**RECORDS SUPPLIED**
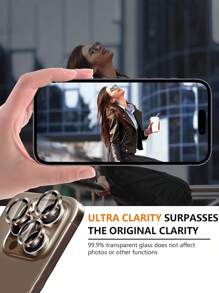 3pcs Camera Lens Protector Film Compatible With Iphone 16 Pro Max/IPhone 16 Pro, Easy Installation, 9H Hardness Tempered Glass Highly Compatible With Iphone 16 Pro Max/IPhone 16 Pro Metal Independent Lens Protection Film Gift For Birthday, Family, Friends Alloy Metal With Tempered Glass Full Cover, Lens Protector, Phone Accessories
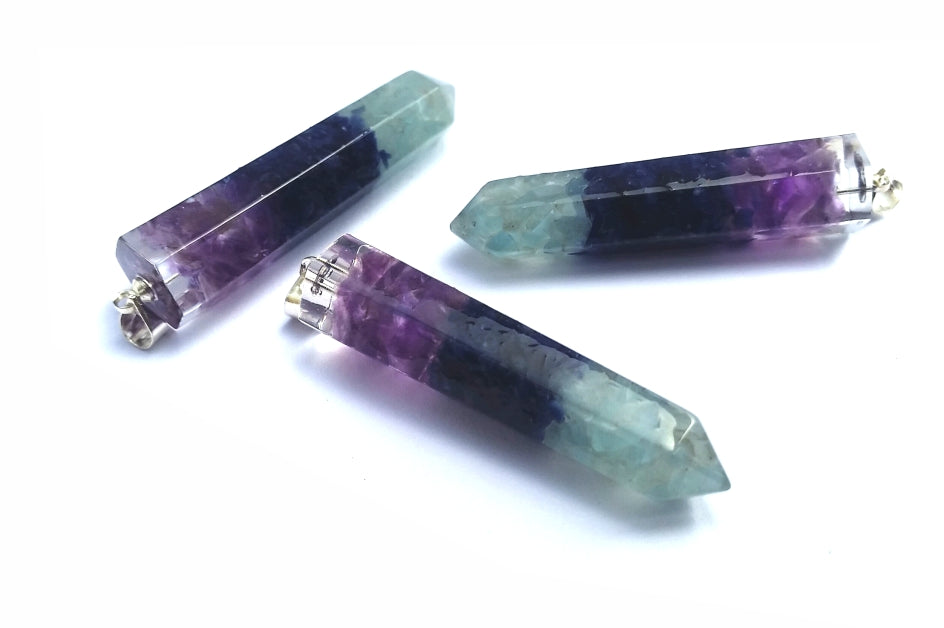 Polished Packaged Hand Crafted Higher Chakra Resin Pendant with Stone Chips - sold per piece - From Bulwer, South Africa - TopRock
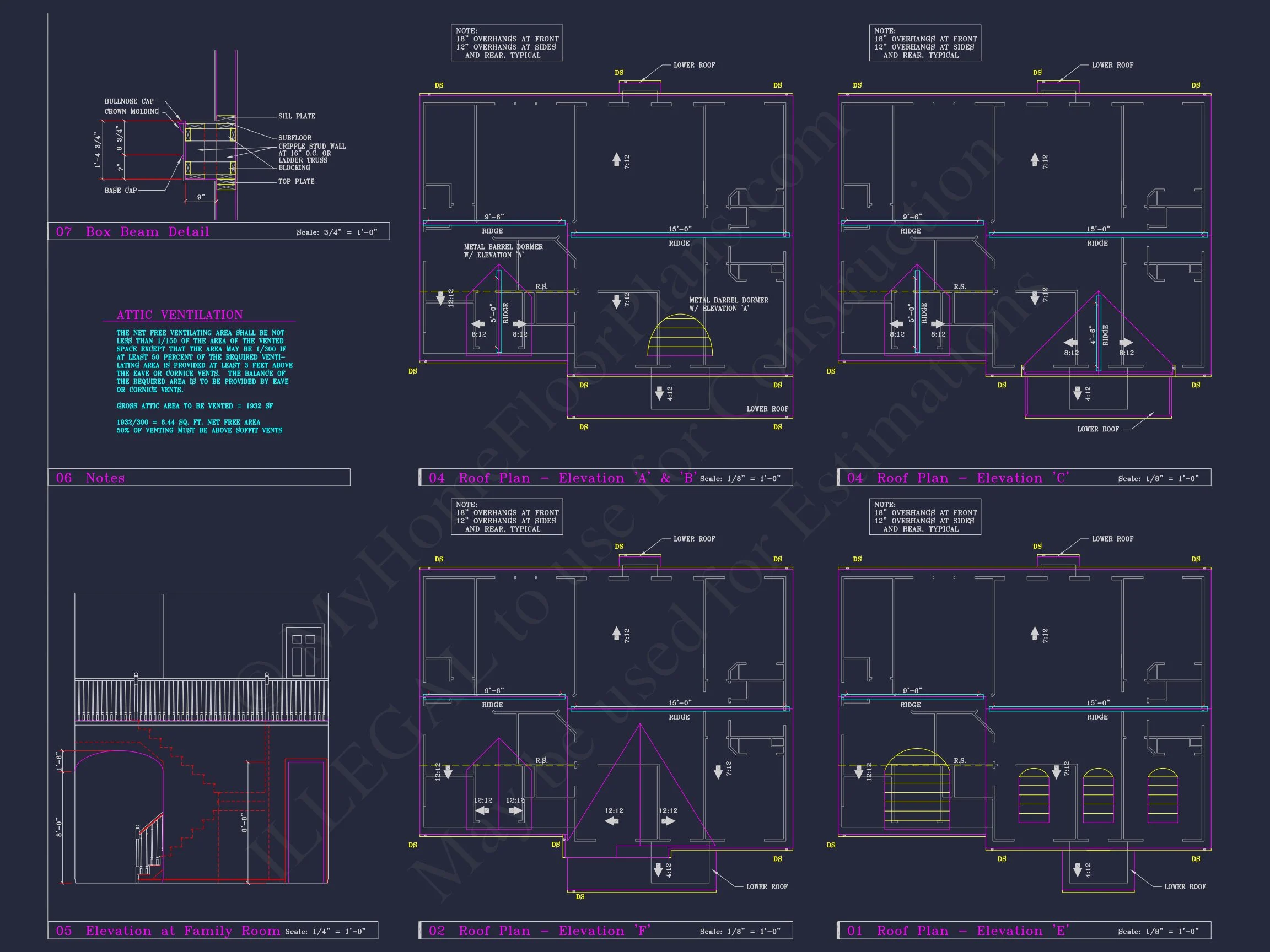 Colonial Revival house Plan - 4 Bed, 4 Bath, with CAD Designs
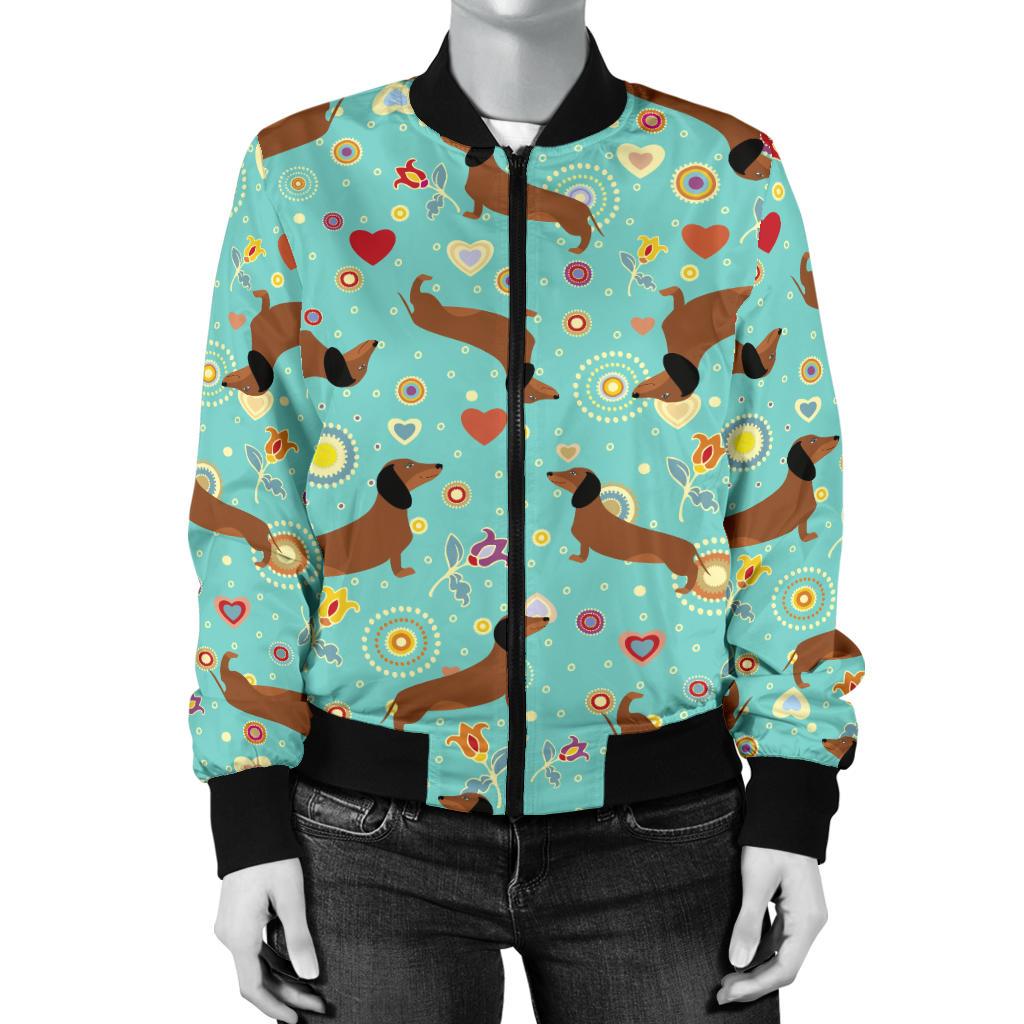 Dachshund With Floral Print Pattern Women Casual Bomber Jacket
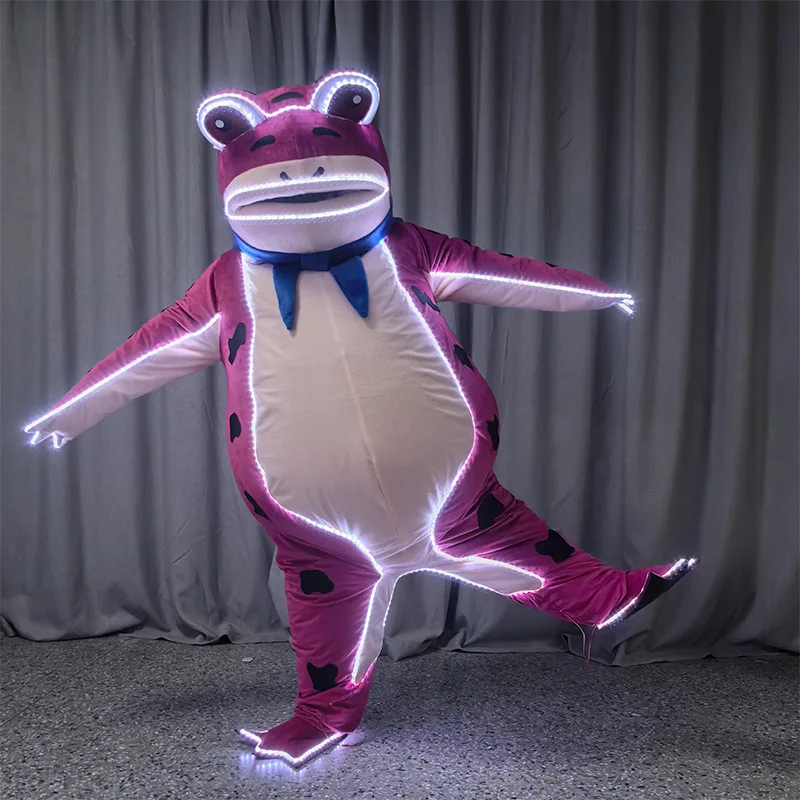 LED Dragon Year God of Wealth Cartoon Doll Costume Performance Stage Mascot Costume for Parties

**ASSIGNED TASK**
From top to bottom, restate the records above exactly and omit every picture.

**RESPONSE TO THIS TASK**
 3pcs Camera Lens Protector Film Compatible With Iphone 16 Pro Max/IPhone 16 Pro, Easy Installation, 9H Hardness Tempered Glass Highly Compatible With Iphone 16 Pro Max/IPhone 16 Pro Metal Independent Lens Protection Film Gift For Birthday, Family, Friends Alloy Metal With Tempered Glass Full Cover, Lens Protector, Phone Accessories
 Polished Packaged Hand Crafted Higher Chakra Resin Pendant with Stone Chips - sold per piece - From Bulwer, South Africa - TopRock
 Colonial Revival house Plan - 4 Bed, 4 Bath, with CAD Designs
 Dachshund With Floral Print Pattern Women Casual Bomber Jacket
 LED Dragon Year God of Wealth Cartoon Doll Costume Performance Stage Mascot Costume for Parties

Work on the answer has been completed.